Il secondo capitolo è tutto all'insegna di Giuseppe Tomasi di Lampedusa, e soprattutto verso la fascinazione verso le macerie (metaforiche e non) dell'autore de Il Gattopardo. C'è Vincenzo Consolo (Lo Spasimo di Palermo, 1998), Davide Enia (Maggio '43, 2013; e Così in Terra, 2012), Michele Perriera (Atti del bradipo, 1998), Mario Giorgianni (La forma della sorte, 2012), Silvana La Spina (Morte a Palermo, 1978), Marcello Benfante (Cinopolis, 2006), Roberto Andò (Diario senza date o della delazione, 2008) e Davide Camarrone (Lorenza e il commissario, 2006). 
Il terzo capitolo Palermo all'avanguardia comincia con il racconto della cosiddetta «scuola di Palermo», espressione che imperversò durante gli anni '60 e riguardò un gruppo di nuovi scrittori che tentavano - come scrisse Alfredo Giuliani nel volume Feltrinelli che raccoglieva le loro opere - «di assumere il caos esteriore a modello interiore, fitto discutere insieme, sobbollire e schiumare il linguaggio per toglierne via moralismi, ideologie e spurie fatture di violenza». Sperimentali e visionari, influenzati dall'avanguardia e capaci di devastanti invenzioni linguistica sono Angelo Testa (Cinque, 1968; Perapprossimazione, 1978; Azzonzo, 2001) e Antonio Pizzuto (Si riparano bambole, 1960, Testamento, 1969) e i loro “eredi” Francesco Gambaro (Palermo-Civico-Palermo, 1999; I Giorni Quanti, 2002) e Sergio Toscano (Tempo residuo a Palermo; 1999, Diario Palermitano, 2003).
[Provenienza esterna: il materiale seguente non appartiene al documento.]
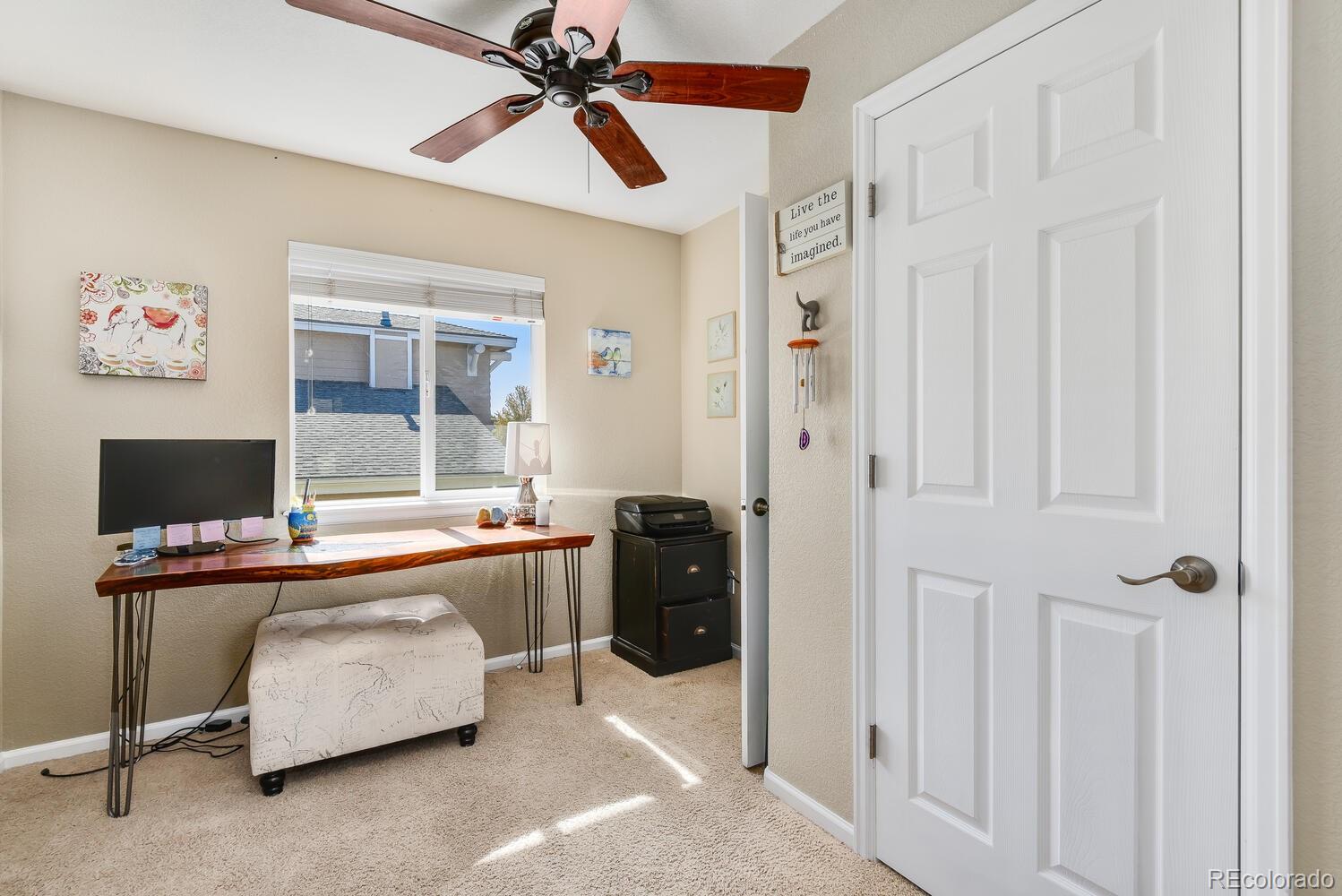 10842 Brooklawn Road Highlands Ranch, CO 80130 - Photo 21 of 35 a room with furniture and window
Il quarto capitolo, In una città demotica e picaresca, ci racconta della Palermo del colore, dell'avventura e dei toni espressionistici, con Roberto Alajmo (È stato il figlio, 2006; Le scarpe di Polifemo e altre storie siciliane, 1998), Nino Vetri (Lume Lume, 2010), Giuseppe Rizzo (L'invenzione di Palermo, 2010), Evelina Santangelo (Il giorno degli orsi volanti, 2005, Cose da Pazzi, 2012), Emma Dante (Via Castellana Bandiera, 2008), Piergiorgio Di Cara (Cammina stronzo. Sbirri a Palermo, 2000) Valentina Gebbia (Estate di San Martino, 2003; Per un crine di cavallo, 2005).